Remove roast from fridge and place on a rack for thirty minutes to come closer to room temp (skip this step if in a hurry).
Heat a cast iron skillet or sturdy Dutch oven over medium high heat about five minutes. Meanwhile, pat dry the roast so it will brown properly.
Sprinkle kosher salt over hot pan, and add roast, browning on both sides.
Meanwhile, slice onion and mushrooms. Set aside.
When roast is brown, remove to crock pot; turn on low.
Add onions and mushrooms to skillet, without wiping it first. Cook, stirring frequently, until onions are brown and mushrooms have given up their liquid. The mixture should be dry but not burnt.
Add water and stir, scraping bottom of pan to get all of the flavorful bits.
Pour hot onion mixture over roast. Cook on low eight hours (or high for four).

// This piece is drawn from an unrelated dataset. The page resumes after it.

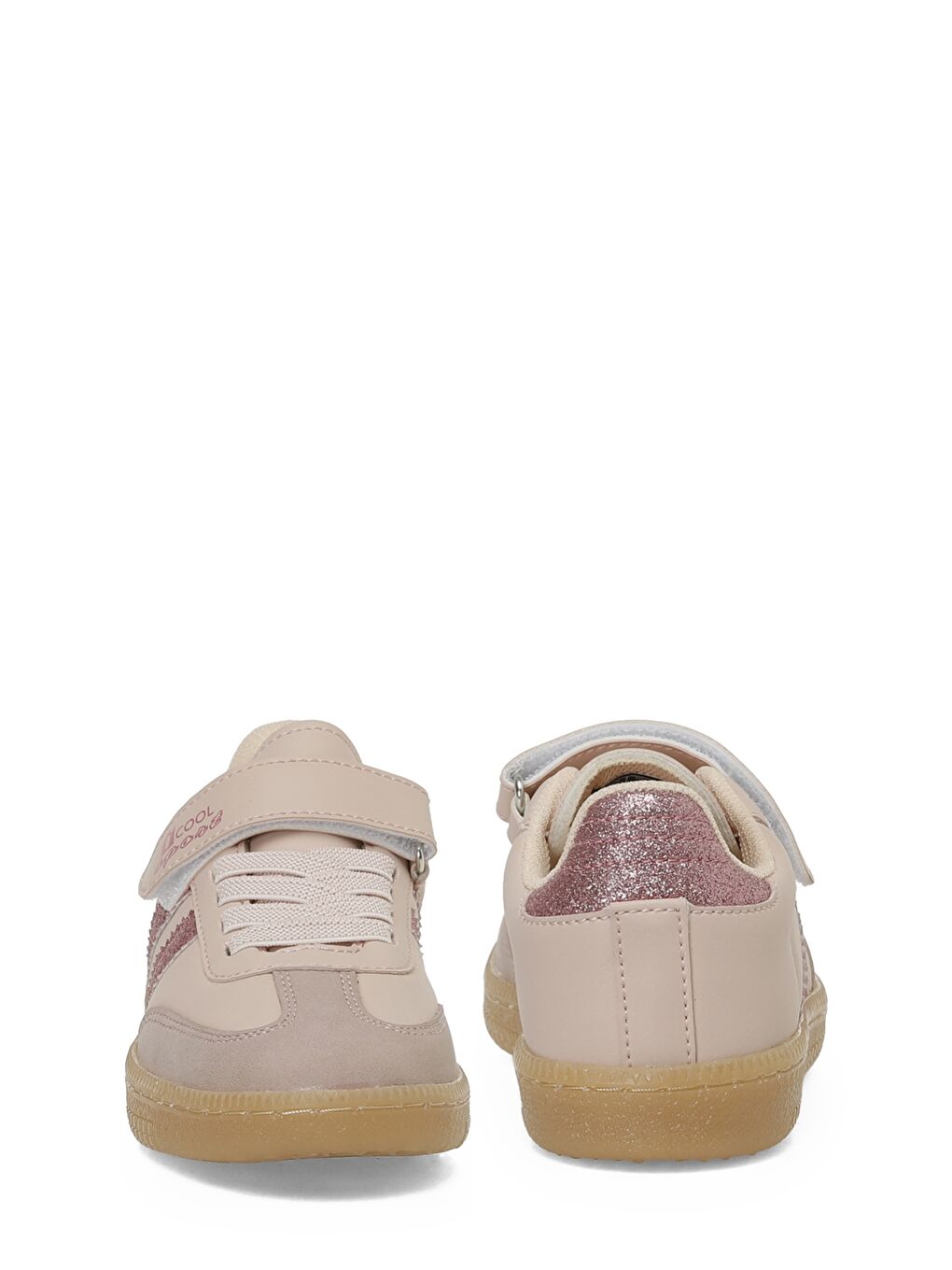 RONIN P 5PR Pembe Kız Çocuk Sneaker-4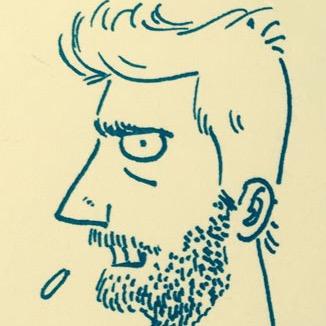 Dottore in Biotecnologie, PhD student, appassionato da sempre di musica e fumetto nonchè disegnatore in erba e cantastorie. http://t.co/bHOkRi9zPk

If you want to make gravy, drain the liquid off the roast at the end of the cooking time, into a liquid cup measure. You should have about two cups. Add water if necessary or remove excess liquid until you do have two cups. Melt two tablespoons butter in a skillet or medium saucepan. When foam subsides, add three tablespoons all purpose flour. Stir a few minutes to cook the flour, then whisk in liquid slowly to avoid lumps. Cook until thick and serve over meat and mashed potatoes or rice.